Outburst by the First Narcissist

I watched the first half of the BBC interview with Bill Clinton, which you can see here. You may have heard that he grows angry with the interviewer, and so I’ll save you some time if you want to see it: skip to 19:00, and you’ll see the lead-up. The outburst starts building at 24:30, with a crescendo at 28:50.
I thought of so many things while watching it, but I am so tired of thinking about that man that I cannot summon the energy. A few thoughts, though:
A close family member used to work with Ken Starr. One of my best friends took a constitutional law class with him. When I had lunch with a senior editor at another news organization, he said he had interviewed Starr many times over the years. All of them, to a man, remarked how fair and honest he was, and that he was light years away from the snarling partisan that Clinton imagined, and continues to imagine in this interview.
Some of his facts are flat-out wrong. Susan McDougal was jailed for contempt of court by a judge, not Starr, who was not a prosecutor. She was one of the “little people” Clinton says were trampled by the all-out rush to ruin him. Governor Jim Guy Tucker, the sitting governor of Arkansas, also resigned and went to jail as a result of Starr’s investigation. Apparently the criminal justice system had it in for Clinton, too.
The outburst itself was classic Clinton. The childish sense of persecution, the peevish remarks to the interviewer such as “people like you always help the far right” (was he even familiar with the guy interviewing him?) His descriptions of how “the other side” operated was the mirror opposite of the truth. He says the evil Republicans thought that politics was about power, and he thought it was about how power ought to be used. But if there is a modern politician who believed in acquiring power for his own sake, it would be him.

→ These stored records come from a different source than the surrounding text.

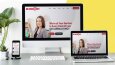 Wordpress Tasarımlar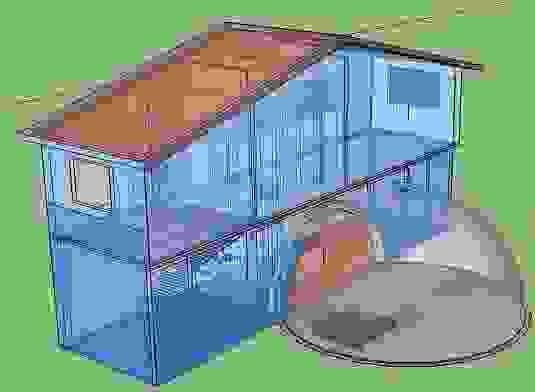 Section image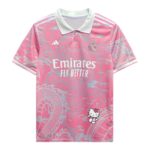 3525f86f-16b8-49f1-8f7c-027be88e2664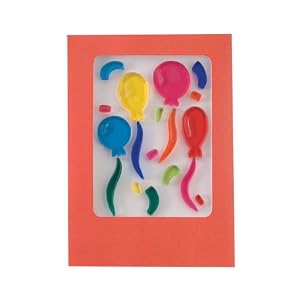 GEL-GEMS-GREETING-CARD-BALLOONS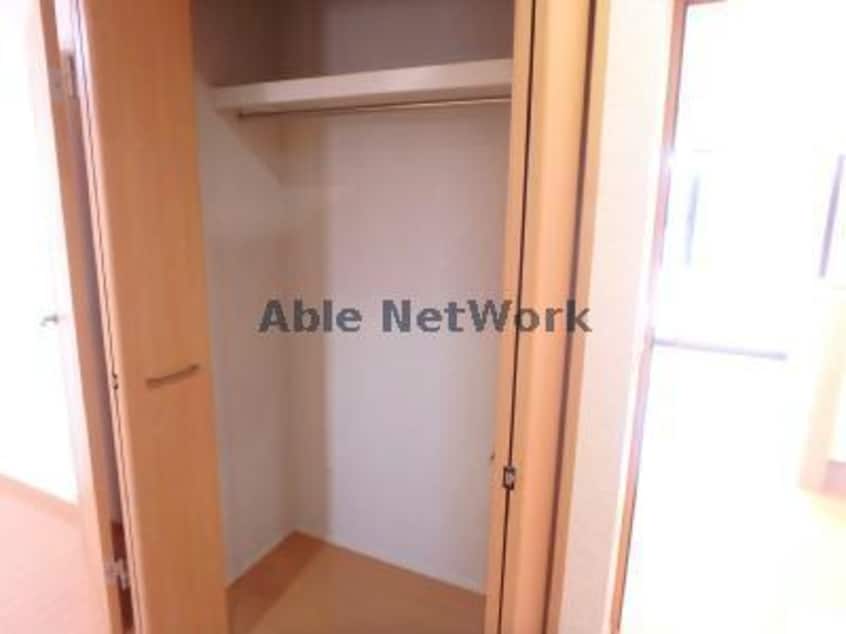 201 コンフォート小川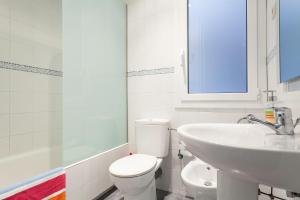 Apartments Barcelona & Home Deco Eixample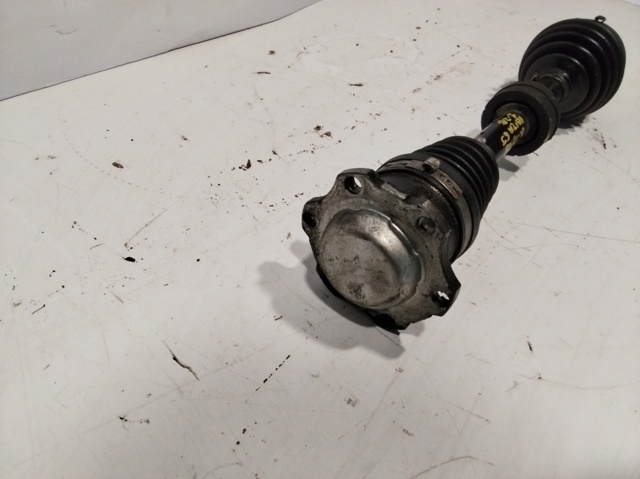 VAG 6R0407761L Semieje delantero izquierdo comprar Tarragona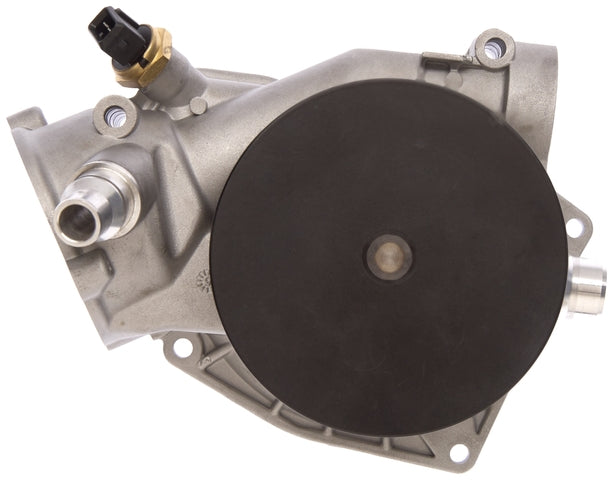 Engine Water Pump Gates 43015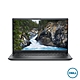 DELL Vostro 5410 14吋筆電 (i7-11370H/MX450/16G/512G/Win10P/深空灰) product thumbnail 1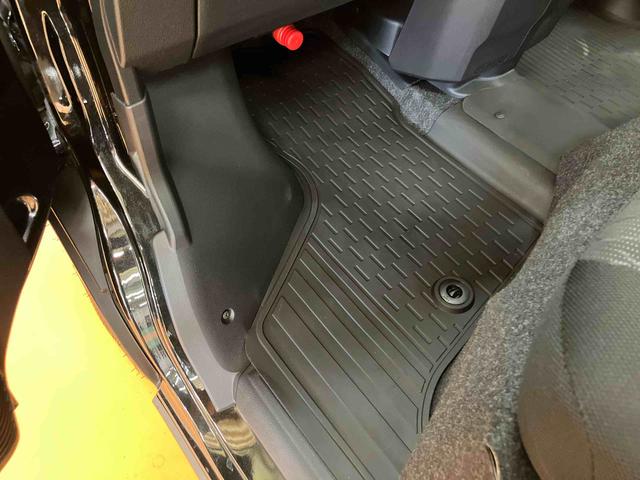 アトレーＲＳ衝突回避支援システム　横滑り防止装置　アダプティブクルーズコントロール　アイドリングストップ　前後コーナーセンサー　オーバーヘッドシェルフ　大型ＬＥＤ室内灯　ポップアップ機構付きリヤガラス（千葉県）の中古車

Clinton doesn’t ever say “I lied,” he says “I did not tell the truth.” He talks about “personal mistakes,” too. His language is carefully selected so he can admit to the bare minimum (“leading parallel lives,” whatever the hell that means — maybe he has a different view of the space-time continuum, and thinks there are actually two Bill Clintons.)
I’m not very interested in re-fighting the 1990s. I just wish he would go away.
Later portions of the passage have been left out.